Demonstran Desak Perdagangan Wall Street Ditutup Lusa

Demonstran Desak Perdagangan Wall Street Ditutup Lusa

- detikFinance
Selasa, 15 Nov 2011 13:25 WIB
Demonstran Desak Perdagangan Wall Street Ditutup Lusa
Jakarta - Para pendemo anti Wall Street mendesak bursa saham negeri Paman Sam itu ditutup pada perdagangan Kamis lusa. Karena Kamis tepat dua bulan para pendemo itu melakukan aksinya di depan rumah bursa saham New York tersebut.

Untuk memperingati dua bulan berdemo, para demonstran pun akan menggelar pawai berkeliling kota yang dijuluki Big Apple tersebut. Para pendemo menyadari, sejauh ini pawai tersebut merupakan tindakan paling provokatif yang bisa berbuntut kepada keributan dan penangkapan oleh polisi.

"Kami semua sadar akan (pawai) ini, tapi tujuannya untuk menyalurkan ide dan diskusi, bukan memprovokasi sebuah aksi kekerasan," kata juru bicara demonstran anti Wall Street Ed Needham dikutip dari Reuters, Selasa (15/11/2011).

SCROLL TO CONTINUE WITH CONTENT

"Tapi memang sulit juga melakukan aksi (demo) tanpa ada reaksi dari pihak yang berwajib (polisi)," tambahnya.

Para demonstran akan berjalan dari tempat mereka mendirikan kemah sejauh dua blok menuju Wall Street, sambil menyebar melewati jalan-jalan dan kereta bawah tanah. Perjalanan mereka akan dilanjutkan melintasi jembatan Brooklyn keesokan harinya.

Bulan lalu, lebih dari 700 orang ditangkap polisi saat melakukan aksi serupa di jembatan tersebut setelah para demonstran duduk di trotoar jembatan dan menolak untuk beranjak. Bahkan beberapa ada yang duduk hingga ke tengah jalan jembatan sehingga menyebabkan kemacetan.

"Kami akan menutup Wall Street," tulis sebuah postingan demonstran di laman Facebook. "Kami akan menyadarkan masyarakat, menggelar pawai di jalan dalam memperingati jatuhnya sistem ekonomi Wall Street," tambah tulisan tersebut.

Menanggapi desakan penutupan perdagangan itu, juru bicara Wall Street menolak berkomentar. Namun, Walikota Ney York Michael Bloomberg menyatakan perdagangan di New York akan berjalan seperti biasa.

"Bursa saham New York akan dibuka seperti biasa. Anda boleh yakin, anda akan bekerja bekerja seperti biasa," ujar Bloomberg.

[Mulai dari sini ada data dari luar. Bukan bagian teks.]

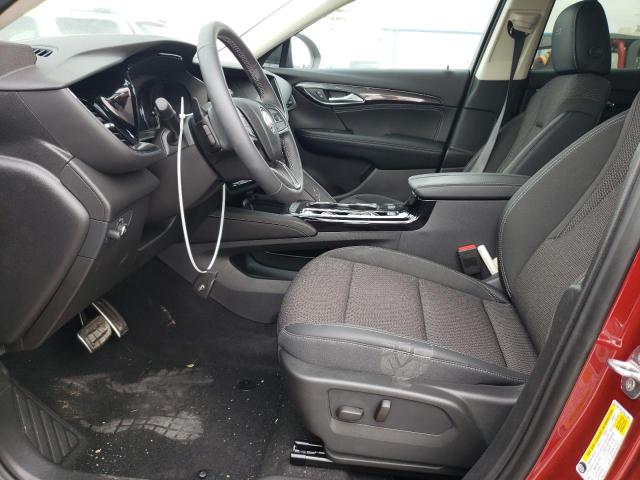 Photo 7 from auction – 2022 BUICK ENVISION P with VIN LRBFZMR4XND129004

Para demonstran tersebut sudah mendirikan tenda-tenda di taman Zuccotti, tepat di tengah-tengah distrik finansial New York, pada 17 September lalu dalam rangka memprotes sistem finansial yang dipercaya hanya menguntungkan para orang kaya dan korporasi AS.

Gerakan 'Occupy Wall Street' telah menyulut gerakan protes terhadap ekonomi yang serupa di seluruh dataran AS. Bahkan, di beberapa daerah berujung dengan kerusuhan yang melibatkan pihak kepolisian.